What is the equation of a curve with gradient 4x^3 -7x + 3/2 which passes through the point (2,9)?

The important thing to note is that examiners always give the minimum amount of information for the question to still be answerable. If you have not used all the information then you probably haven't answered it right.

Firstly, we must remember that the gradient of a curve is just the derivative of it's original equation. So what we want to do is reverse this process and get back to the original equation. The opposite of differentiating is to integrate.
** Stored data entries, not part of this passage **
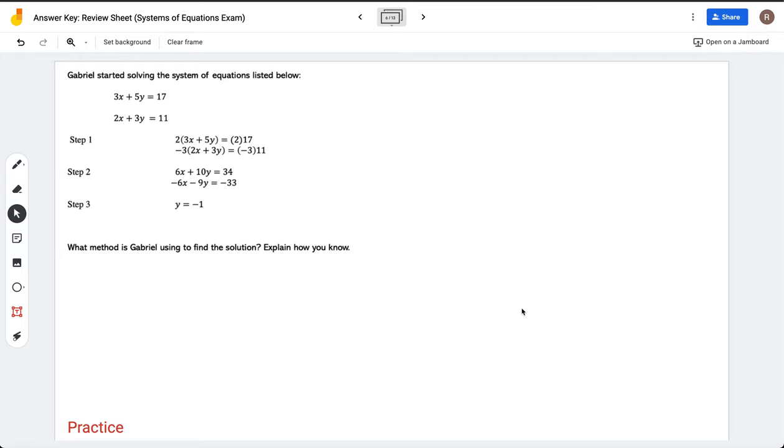Looking at number two now. Gabriel started solving the system of equations listed below: 3x + 5y = 17, and 2x + 3y = 11.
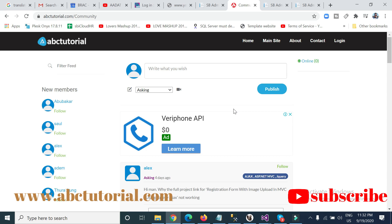Today I will show you how you can log out from an already logged-in system — meaning the system we developed. Before starting, I want to let you know about abctutorial.com, where you can learn advanced and basic things. If you face any problem inside your project or code, you can post there in the abctutorial.com community.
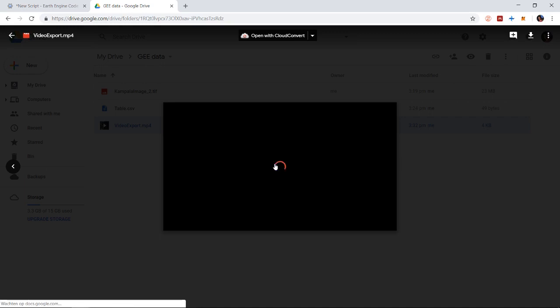So that were all possible ways you can export images, vectors, tables, or image collections. If something was unclear, let me know, I'd be happy to help.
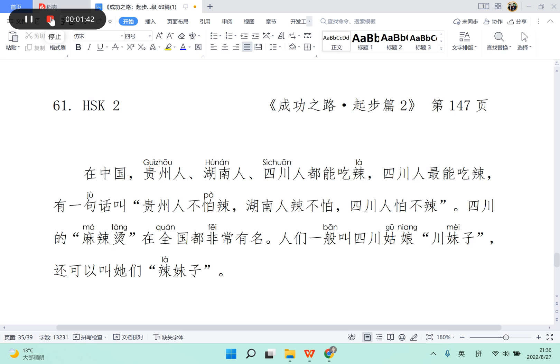还可以叫她们辣妹子。再读一遍。在中国,贵州人、湖南人、四川人都能吃辣,四川人最能吃辣。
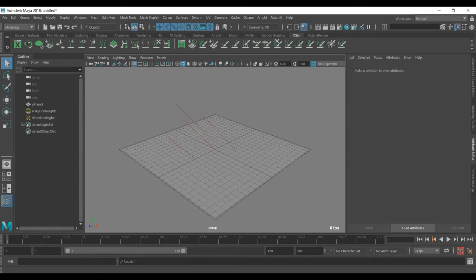Welcome to 3D Tutorials. Today's video is part 1 of how to create grass inside Maya. In this video we're going to use XGen to create it, but in the next video I will also show you how you can use Paint Effects to create the grass as well.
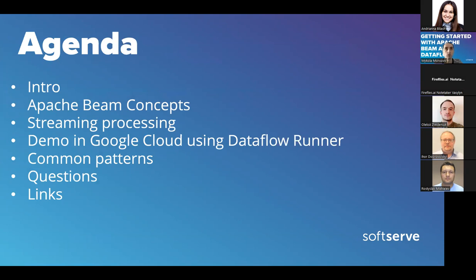Quick introduction about myself: I've been working at SURF for almost four years and have been using Apache Beam and Dataflow for almost three years. On our project we build a data platform that processes internal data for our customers and internal projects. We've been using Apache Beam a lot and found it very useful for our daily routine tasks, so I thought it might also be useful for people interested in Python, data processing, and event-driven processing patterns.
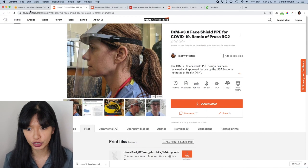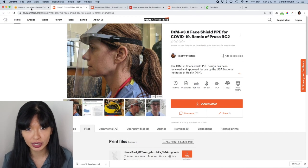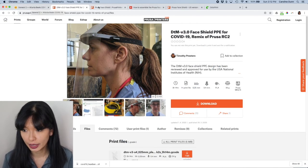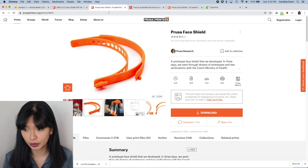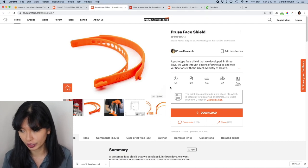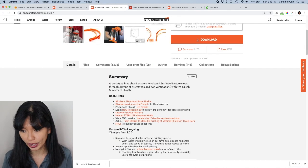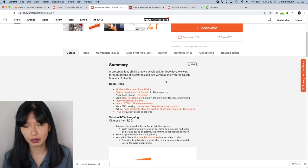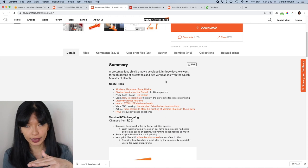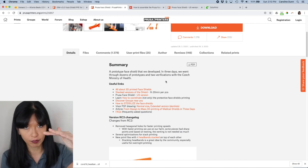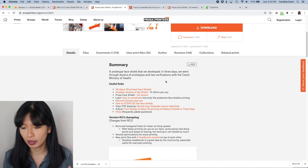Then I want to clear my build plate. I suggest just printing one just to get started. Now let's go back to the Prusa face shield, the original face shield. You can print a stack of two or stack of four as well.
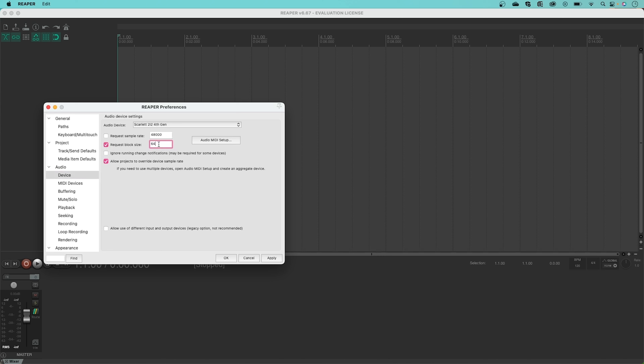The buffer size can be changed here. Changing the buffer size can help you solve problems you come up against whilst recording. If you find that you're getting a slight delay whilst recording, referred to as latency, we suggest you reduce your buffer size. Decreasing your buffer size down to numbers like 64 and 128 helps reduce latency significantly. Experiment with these numbers to help understand what works best with your machine.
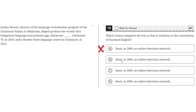Choice B — 'basic semicolon in 2009, comma, and online television network, comma' — is incorrect for the same reason as A. There's no semicolon after 'basic,' whereas it should be placed after 2009. Also, the comma is incorrect here because this is a complex series, so the elements must be separated by a semicolon, not a comma. So B is incorrect.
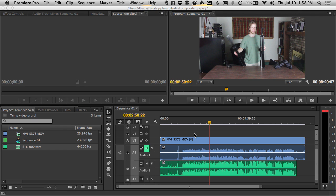I'm going to show you how to perfectly align your separately recorded audio and video with Adobe Premiere Pro and Adobe Audition.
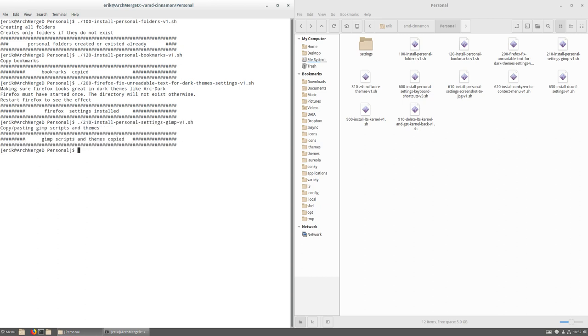GIMP installations, all kinds of GIMP scripts and things I need. 310, I'm going to skip that one. That's if you want to go from bash to ZSH with color schemes and theming and all that.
Lets call our original equation f(x).
f(x) = integral(gradient)dx
so
f(x) = integral(4x³ - 7x + 3/2)dx

Remembering the standard rule: integral(xⁿ)dx = 1/(n+1)*xⁿ⁺¹ 
Or in words, we increase the power of x by 1 and then divide by this new power.
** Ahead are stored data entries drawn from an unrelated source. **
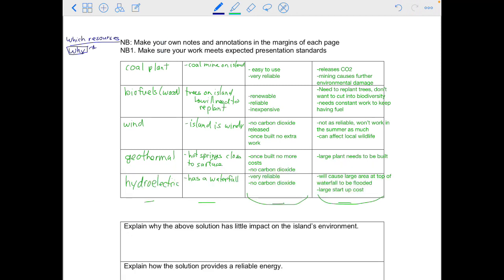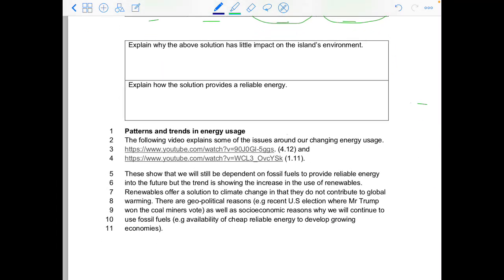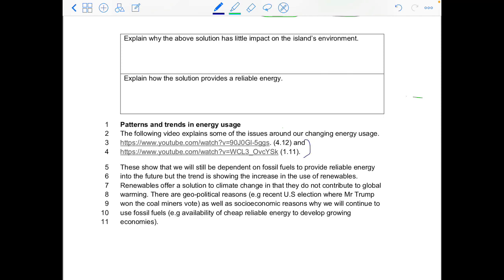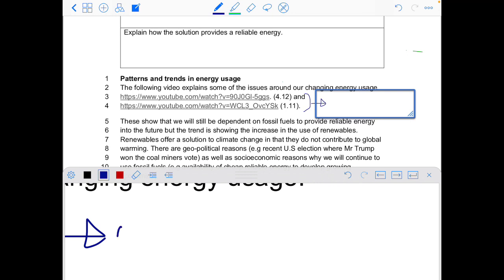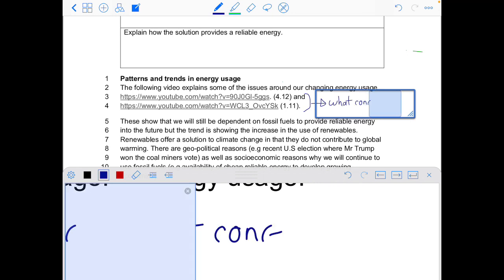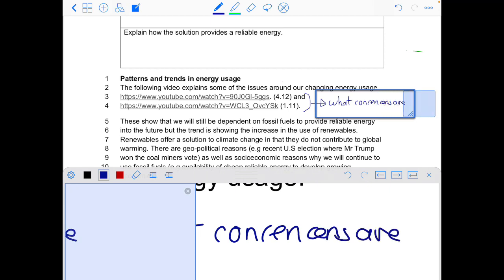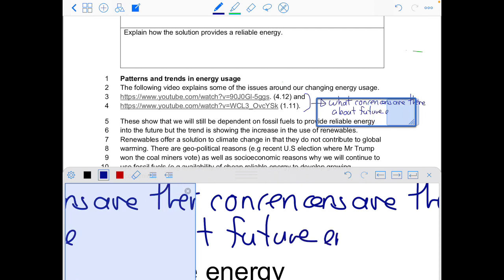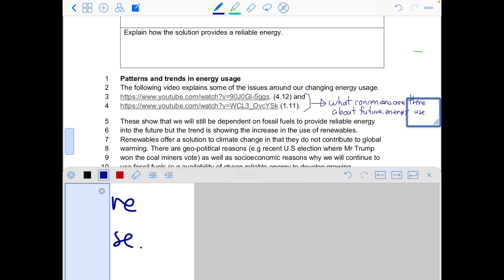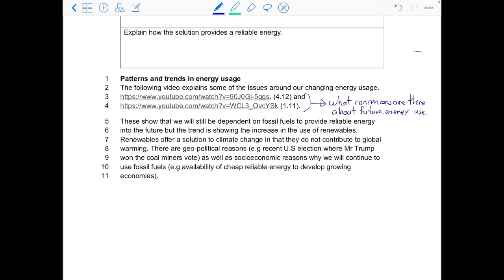Once you've done that, make sure you submit it to your teacher for feedback. Now there are a couple of quick videos to watch about how our energy use is changing. As you watch these two videos — linked in the notes below — take notes on: what concerns are there about future energy use? Write that question down and take notes as you watch both videos.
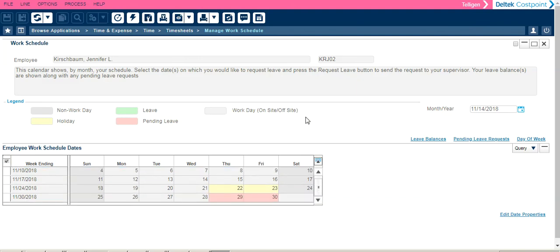If you have pending leave requests for the month that you are currently viewing, you can see them highlighted in pink here, or you can click on the pending leave requests link.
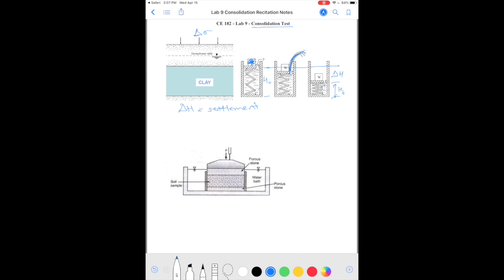Delta H is the settlement in reaction to the applied load W or equivalent stress delta sigma. We want to figure out how much that settlement is going to be — the higher the load, the larger the settlement — and also how long it is going to take. For the first part we need three parameters: compression index, pre-consolidation stress. For the time aspect we determine the coefficient of consolidation.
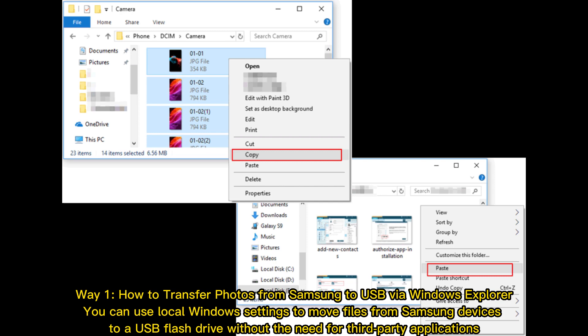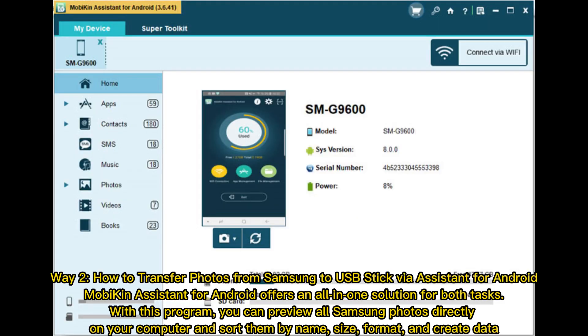You can use local Windows settings to move files from Samsung devices to a USB flash drive without the need for third-party applications. Way two: how to transfer photos from Samsung to USB stick via MobAkin Assistant for Android.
f(x) = 4*(x³⁺¹)/(3+1) - 7(x¹⁺¹)/(1+1) + 3/2*(x⁰⁺¹)/(0+1) + c   Notice here that x⁰=1 (anything to the power of 0 =1)
f(x) = x⁴ -7x²/2 + (3/2)x + c

The easiest mistake to make here is to miss out the "+ c" on the end. When you integrate without limits to the integral there must always be a constant at the end. The terms with an x tell us about the shape of the line, the constant fixes it's height on the y axis. If the "+ c" was left off I would be automatically asuming that it intercepts the y-axis at (0,0) this might not be true.

Now for the last part, we use the coordinates provided in the question to work out a value for c.
We know that when x =2, f(x) = 9
So, 9 = 2⁴- (7/2)*2² + (3/2)*2 + c
9 = 5 + c
This can only be true if c = 4
So our final equation is f(x) = x⁴ - (7/2)x² + (3/2)x +4